LL: My heart belongs to the New York Rocker. I brought them a photo I'd taken the night before of Debbie Harry and Chris Stein onstage with James Chance, and one thing led to another, and soon enough I was shooting for them, then became their Chief Photographer, then Photo Editor. The paper was newsprint, so it wasn’t the best for repro, but it didn't matter. The content was top-notch. We were like a family, a very tight-knit group who had parties, went out to clubs together and pulled all-nighters pasting-up the issues. The Rocker was way ahead of the game as far as knowing who was up-and-coming and where the good music was coming from, and I was lucky enough to get many of those assignments. The other publications I enjoyed working for were the Village Voice (starting as a post-college intern under the tutelage of the legendary Fred McDarrah, who taught his interns priceless lessons about how to protect our work and stand up for our rights), and Sounds, a London-based music paper, which hired me as their US photographer. I give a lot of credit to the music writers and editors I worked with at those papers; I learned a lot from them. And of course, I often set up my own photo sessions with bands that I liked or thought were important to photograph.

PR: Why did you put down your camera?
LL: Oh, a variety of reasons. The short answer is, I'd grown tired of it. I didn't like where the music industry was headed. Portrait sessions were becoming fashion shoots; often the styling and makeup seemed more important than the artist. I sometimes found myself on huge soundstages, often with ten or fifteen people in the room, each with an opinion about what the artist or I should be doing. I missed the intimacy and authenticity of one-on-one sessions.  I was losing control of my images and what I wanted to accomplish. I could see where the industry was headed, packaging and marketing artists, and it lost its appeal to me. At the same time, I was painting, making Super-8 films, illustrating children's books, shooting music videos, about to get into an animation project at MTV. There were so many other things I wanted to try.

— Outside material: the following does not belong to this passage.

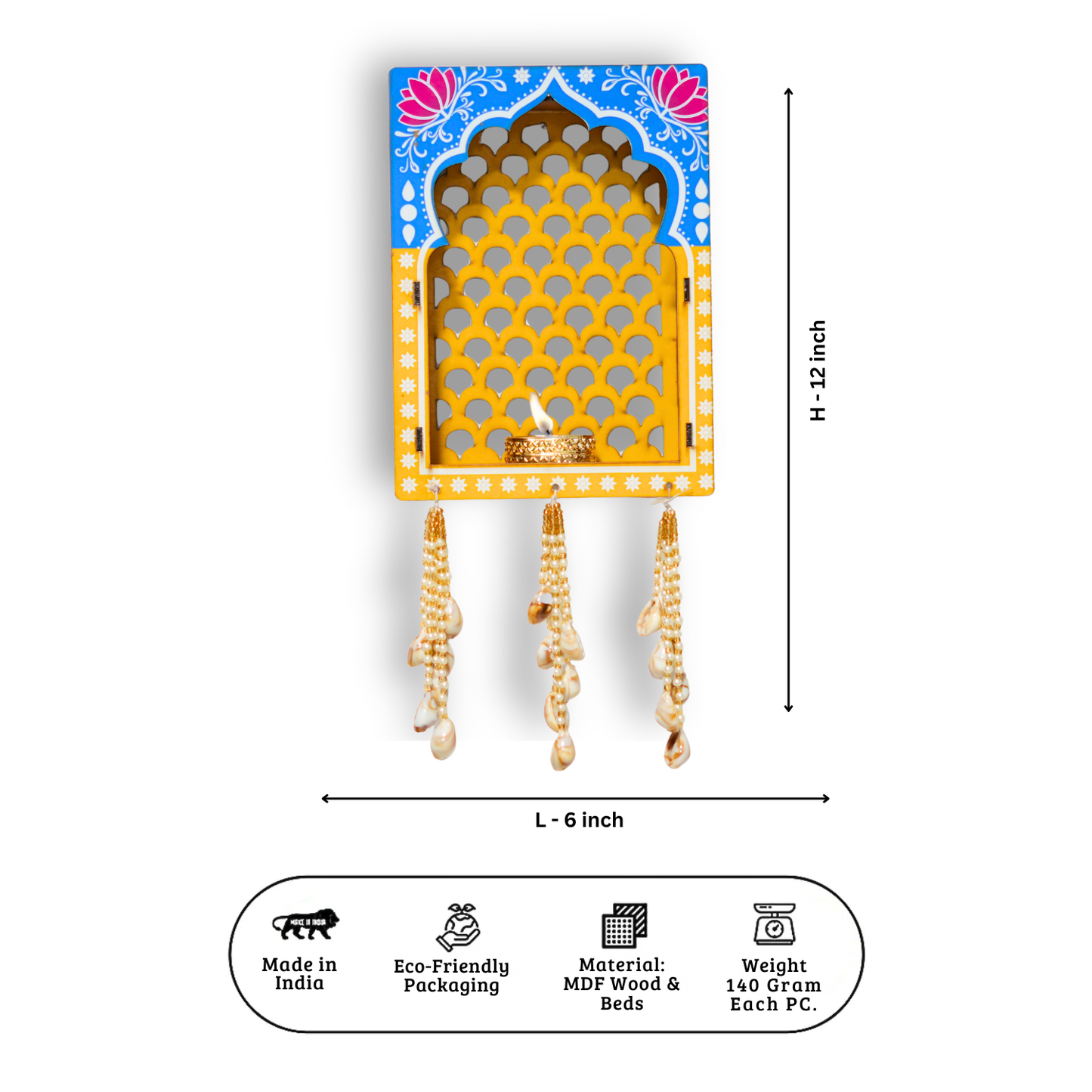 Decorative wall hanging with measurements and product details on a white background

PR: Your bio states that you are a self-taught artist. Where were you headed when you made the turn into art?
LL: I was probably at my peak earning power as a photographer. By then I'd been shooting a lot for record labels, i.e. the plum jobs one hopes for as a freelance photographer. But I didn't feel very challenged anymore (creatively) and I wanted to try something new. I decided I needed a hobby. I walked over to Pearl Paint and I bought a beginner's set of Windsor and Newton paints. I had no idea if I could paint or not, or what it would look like. I pulled out one of my photographs and copied it, and I liked what I saw. I then spent the next few years doing both painting and photography, including illustration. (Fortunately I had a wonderful agent, Laura Hinds at Visages, who encouraged me in whatever I wanted to do, and began to rep my illustration work as well). A few years into it I decided to put down my camera and just paint.

PR: Are you thinking of restarting your photography career?
LL: I have no plans to, but I see photos in my head all the time. I wish I could just click some sort of internal shutter. That being said, I'm thoroughly enjoying going through my archives (I've done over five hundred photo sessions) and revisiting the work, some of which I hadn't seen since the day it was shot. I'm thrilled that my work is starting to be recognized by museums and important galleries. I'd like to continue showing my work, and hope to do a book. I think that's the next step.

Laura Levine: Musicians opens Thursday, July 21st at Steven Kasher Gallery. 521 West 23rd Street, NY, NY.